"For we that are in this tabernacle do groan, being burdened: not for that we would be unclothed, but clothed upon, that mortality might be swallowed up of life."
Today I just had to chuckle. Within the past 24 hours I either read or heard someone mentioned that we would come to know God's personality, that he even had a sense of humor. I so wish I could remember who said it and exactly how it was phrased. I just don't have a good memory. At the time I thought I want to know God's personality.
Well as I read this chapter it mentioned several times about the body groaning and I found it so humorous. I just went back to the gym today with my daughter and right before coming into my computer room to read my scriptures my daughter was just groaning in pain from her workout. She had stayed on dry land and worked with a new trainer. I was in the water doing aqua aerobics. We both spent the same amount of time exercising but she was dying and I wasn't. My instructor even told me I wouldn't hurt tomorrow.

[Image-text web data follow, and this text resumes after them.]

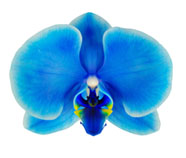 186x158 Blue Mystique The World's First Blue Orchid Grower Direct Fresh - Blue Orchid Painting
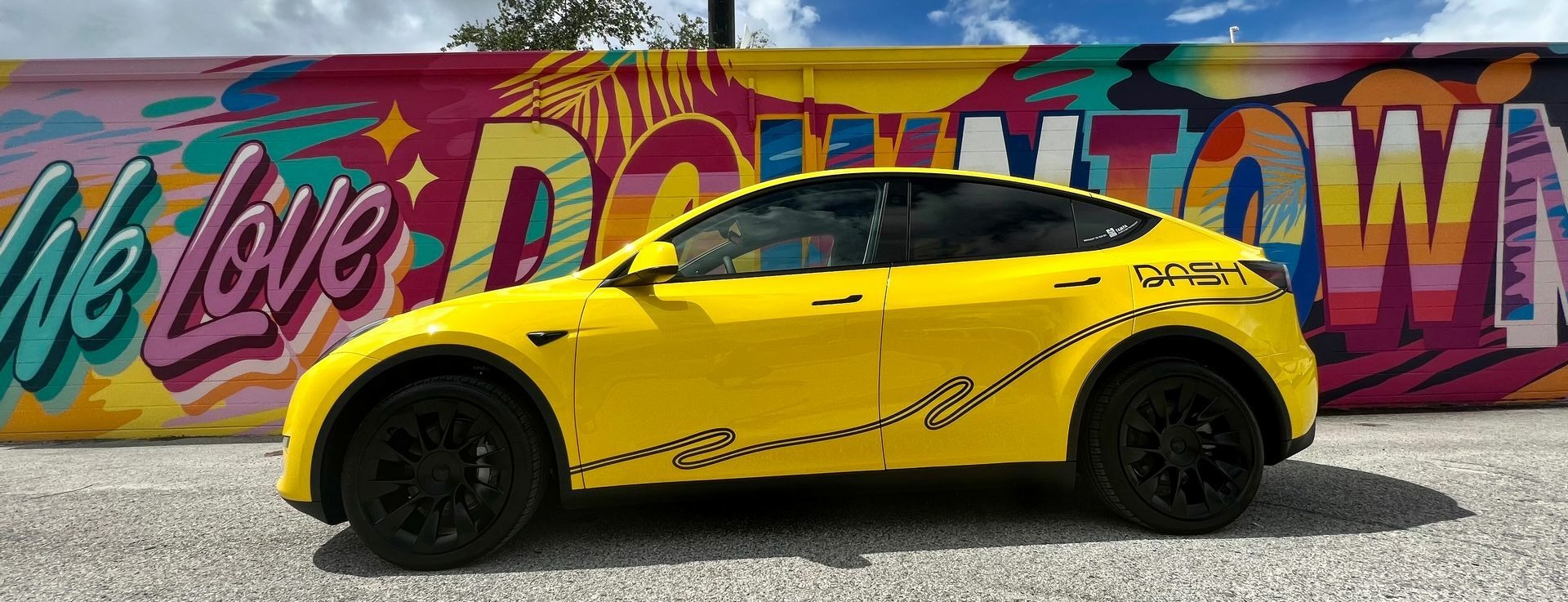 DASH Tesla Model Y - 1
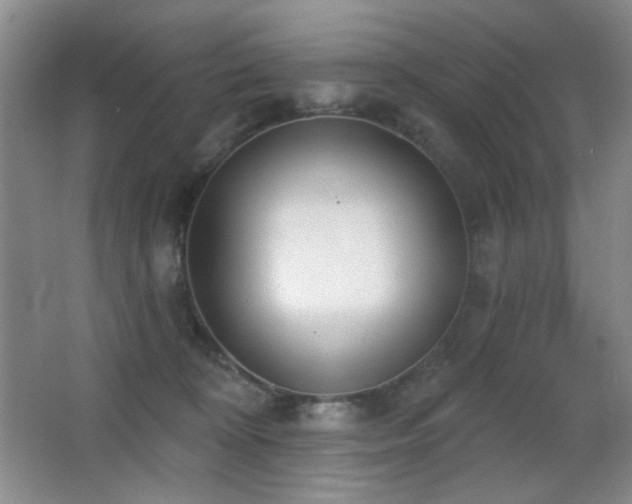 X0000066990324200603241323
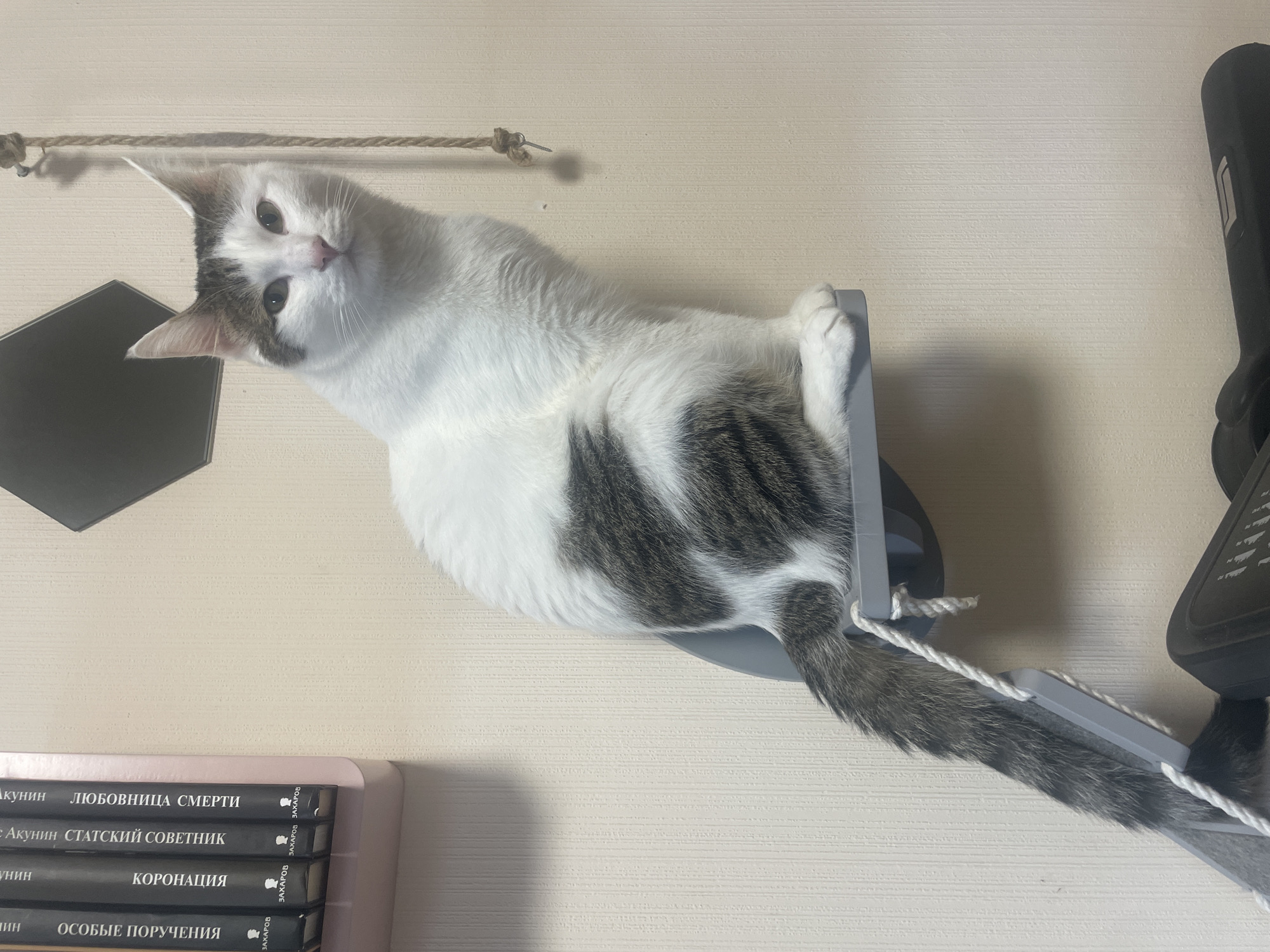 A white cat with gray tabby markings sits on a gray wall-mounted shelf. The cat is looking forward with its ears perked. Behind the cat on the shelf are several books with dark covers and gold lettering. To the left of the shelf is a light pink wall. To the right of the cat, a rope hangs from the ceiling and is attached to a screw in the wall. The background is a beige, textured wall. The overall scene appears to be an indoor domestic setting. There is no information to ascertain the location as Podstepki, Russia.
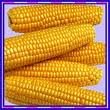 Indian yellow maize (Animal feed) for exports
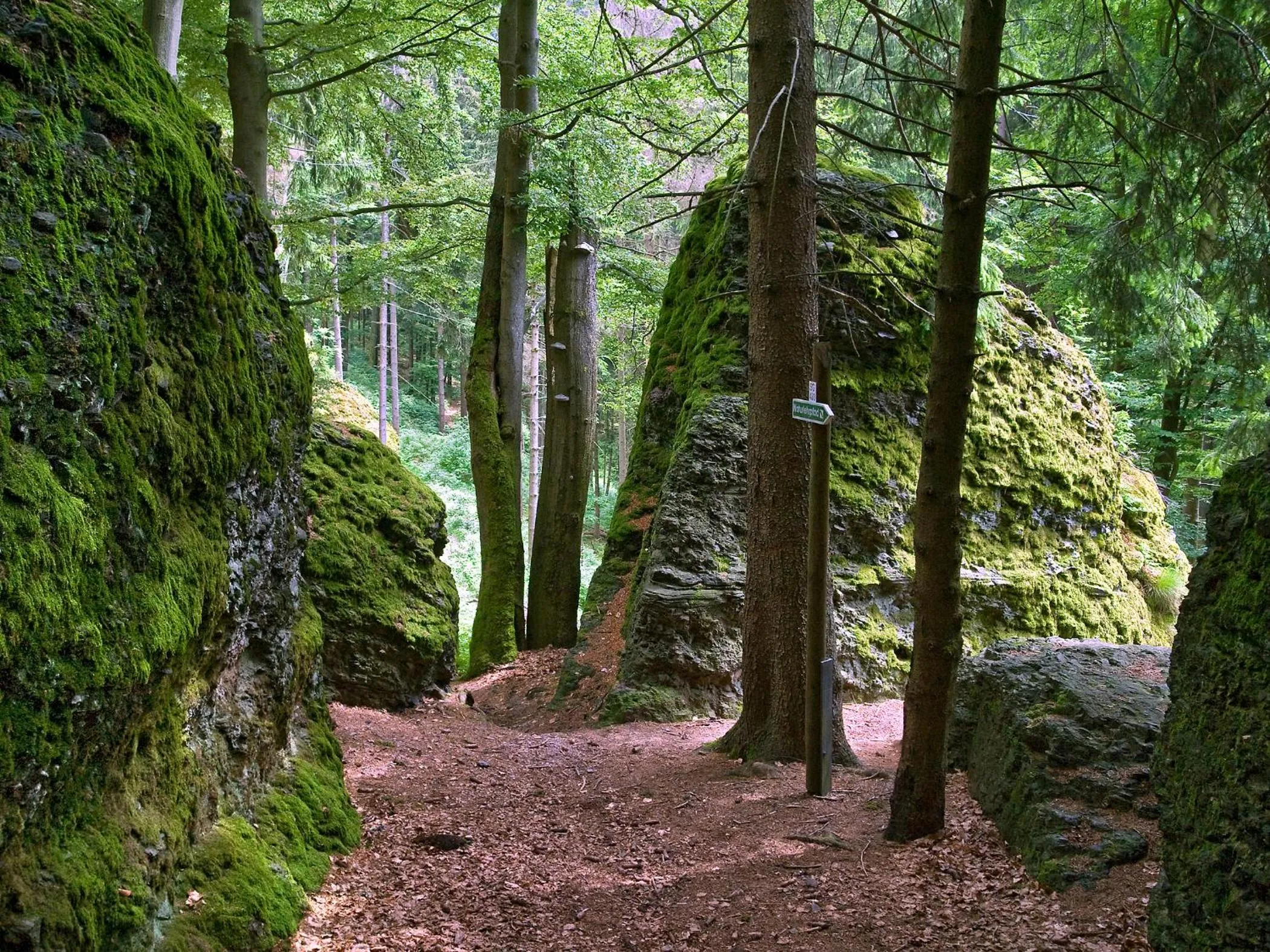 Nearby landmark in Panoramaferienwohnung Bergwiese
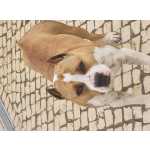 American Staffordshire Terrier American staffordshire terrier Lisboa Sintra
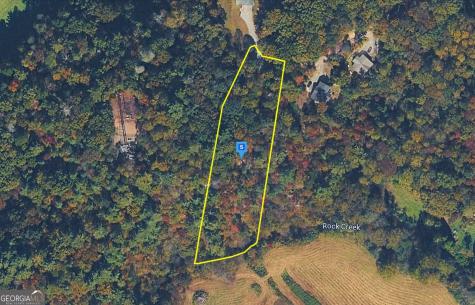 285 Cherry Log Trail Cherry Log GA 30522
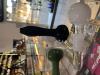 CACHIMBO VIDRO CORES TO NA BE grande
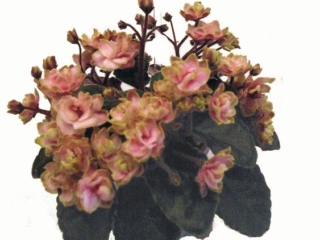 Jolly Imp 10/29/2018 (H. Pittman) Double pink pansy/green edge. Dark green, plain, pointed. Miniature (TX Hyb, DAVS 1652)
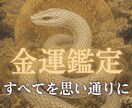 白蛇様のお導きを受け取る【本格金運鑑定】を行います 金運の滞りの原因を知り、根本から改善する方法をお伝えします イメージ1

It didn't take long for the whole family to gather as we related our new adventure. My experience in the pool was very different from my daughter's workout. I don't have a coordinated bone in my body so my family could just picture how I looked with my failed attempts to figure out how to do the movements required of me. I was either floating out of control or bumping into people. So needless to say our family was doing a lot of laughing. It felt really good. It brought us together.
Then I come to my quiet room to settle down and read my scriptures. I find instead God wants to acknowledge what I did today. His timing is perfect. He had to have known I would be reading this chapter this day. It may seem like such a tiny thing, but I can see him smiling at me. I am so aware that he is my Father, and Christ his son makes my family even bigger. That makes me feel good, it brings us closer together.